━━ Extracted data ━━

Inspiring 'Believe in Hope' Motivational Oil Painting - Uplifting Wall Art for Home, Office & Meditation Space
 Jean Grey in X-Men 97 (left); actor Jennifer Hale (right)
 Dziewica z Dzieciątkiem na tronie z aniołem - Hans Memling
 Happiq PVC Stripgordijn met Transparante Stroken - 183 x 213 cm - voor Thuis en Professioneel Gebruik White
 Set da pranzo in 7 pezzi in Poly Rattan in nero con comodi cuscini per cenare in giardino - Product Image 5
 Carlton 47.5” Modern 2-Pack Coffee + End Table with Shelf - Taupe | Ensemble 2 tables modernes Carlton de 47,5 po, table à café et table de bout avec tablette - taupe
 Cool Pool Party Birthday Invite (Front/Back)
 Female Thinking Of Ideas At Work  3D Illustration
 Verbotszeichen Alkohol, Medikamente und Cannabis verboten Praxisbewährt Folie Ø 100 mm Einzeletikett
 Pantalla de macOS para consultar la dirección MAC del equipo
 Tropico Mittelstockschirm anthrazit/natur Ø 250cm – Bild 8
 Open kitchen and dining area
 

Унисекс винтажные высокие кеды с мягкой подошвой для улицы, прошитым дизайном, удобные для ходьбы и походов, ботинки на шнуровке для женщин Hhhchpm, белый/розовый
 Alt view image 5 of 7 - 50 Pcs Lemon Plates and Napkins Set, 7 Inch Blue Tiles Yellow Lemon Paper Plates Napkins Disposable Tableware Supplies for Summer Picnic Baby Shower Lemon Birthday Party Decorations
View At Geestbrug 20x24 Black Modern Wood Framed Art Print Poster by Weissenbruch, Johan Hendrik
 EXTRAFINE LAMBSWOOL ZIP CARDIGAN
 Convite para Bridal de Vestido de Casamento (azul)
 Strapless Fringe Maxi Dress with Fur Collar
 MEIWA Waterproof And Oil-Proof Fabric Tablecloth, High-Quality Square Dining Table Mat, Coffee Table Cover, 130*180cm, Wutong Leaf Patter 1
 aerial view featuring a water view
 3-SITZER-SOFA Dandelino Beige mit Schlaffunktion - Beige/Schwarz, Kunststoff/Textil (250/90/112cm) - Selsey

━━━

Task brief:
Everything above from the line containing "Alt view image" down to the line containing "aerial view featuring a water view" should be copied exactly, both end lines included, and nothing else.

Output for this exercise:
 Alt view image 5 of 7 - 50 Pcs Lemon Plates and Napkins Set, 7 Inch Blue Tiles Yellow Lemon Paper Plates Napkins Disposable Tableware Supplies for Summer Picnic Baby Shower Lemon Birthday Party Decorations
View At Geestbrug 20x24 Black Modern Wood Framed Art Print Poster by Weissenbruch, Johan Hendrik
 EXTRAFINE LAMBSWOOL ZIP CARDIGAN
 Convite para Bridal de Vestido de Casamento (azul)
 Strapless Fringe Maxi Dress with Fur Collar
 MEIWA Waterproof And Oil-Proof Fabric Tablecloth, High-Quality Square Dining Table Mat, Coffee Table Cover, 130*180cm, Wutong Leaf Patter 1
 aerial view featuring a water view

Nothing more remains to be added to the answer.